In fact, DOUBLE BARF because also I already saw this movie when it was called Outbreak.
Anyway! I soldier on.
Because white people are getting sick, there are helicopters and government types looking concerned and concerns about someone having "weaponized the bird flu." Dr. Fishburne says, "Someone doesn't HAVE to weaponize the bird flu. The birds are doing that."

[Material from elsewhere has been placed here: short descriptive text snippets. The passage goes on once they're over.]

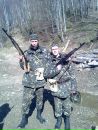 Андрій Найда фотография #35 (источник - https://vk.com/id134153221)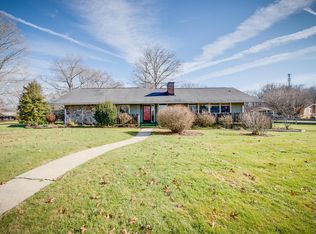 325 Gatewood Dr #0, Kingsport, TN 37663
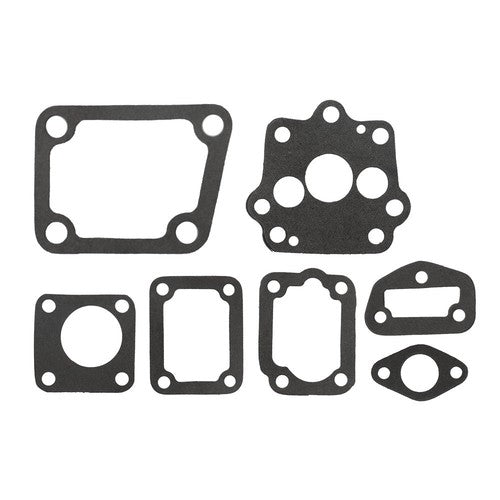 US For Kubota Tractor L2900 L3000 L3010 L3130 D1503 Complete Cylinder Head Assy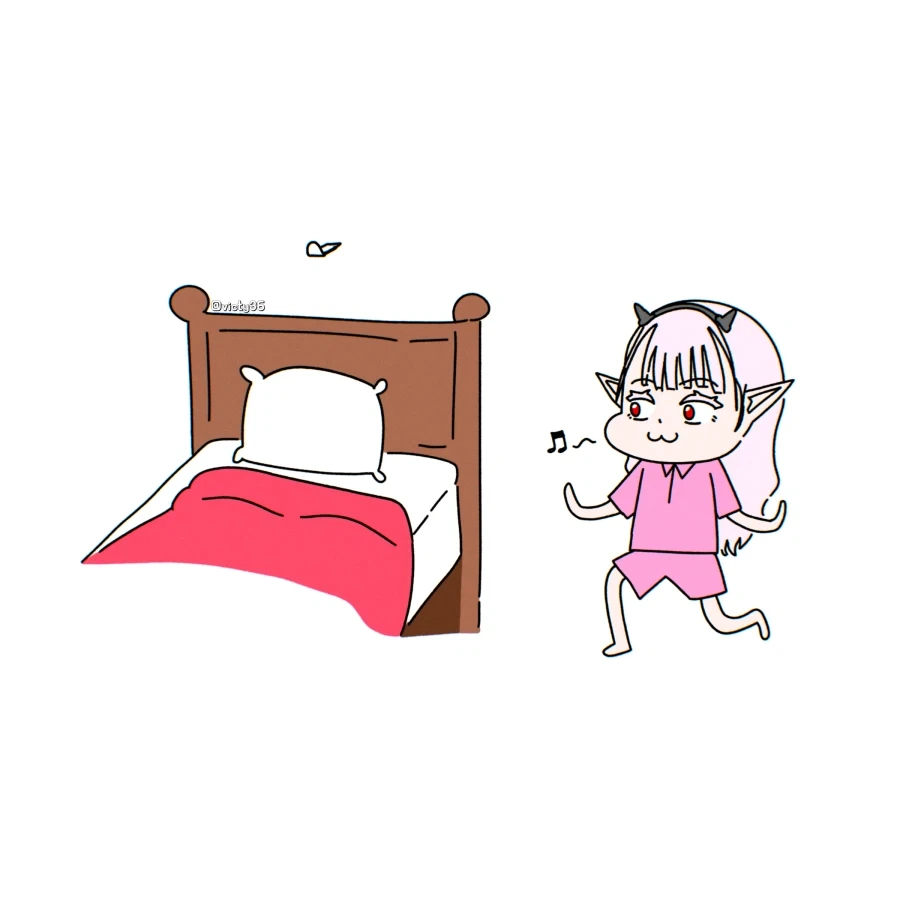 건담) 이 기체는 다른 기체입니다 대표 이미지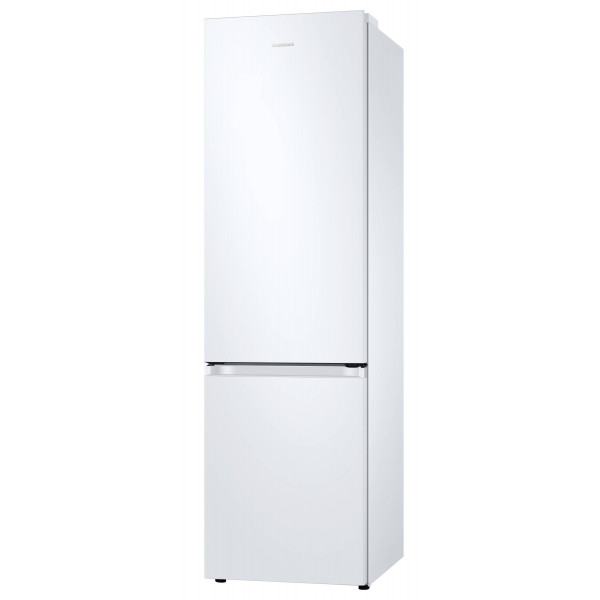 Фото - Холодильник Samsung RB38T600FWW/UA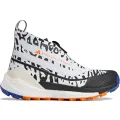 Stella McCartney x Adidas Terrex Free Hiker Gore-Tex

LOL WHUT. What is this movie?!
Enter Jude Law, who's playing a Professor of Counting from Cockney University: "On day one, there were two people, and then four, and then sixteen. In two months, it's a billion. That's where we're headed!" In case you are a visual learner, images of two, four, sixteen, and one billion people are helpfully provided.
National Guard. The president is going "underground." (LULZ.) Panic. Suspicious media. Destroying samples in a lab. Monkeys in cages. Empty airport. Trash piled up on a city street.
UH-OH! Dr. Winslet is sick. Dr. Fishburne promises to get her "out." There are lots of people whose lives are affected—lots and lots of WHITE PEOPLE. Gwyneth Paltrow, Matt Damon, Kate Winslet, Jude Law, John Hawkes, Marion Cotillard… GOOD THING DR. FISHBURNE IS SO INTERESTED IN SAVING THEM! Except for Dame Gwyneth Paltrow, of course. Who already died. RIP GOOP.
"NO ONE IS IMMUNE" ominously looms onscreen. "TO FEAR."
Montage of more "action thriller about a deadly disease" stuff. "It's mutating!" someone says. Of course it is.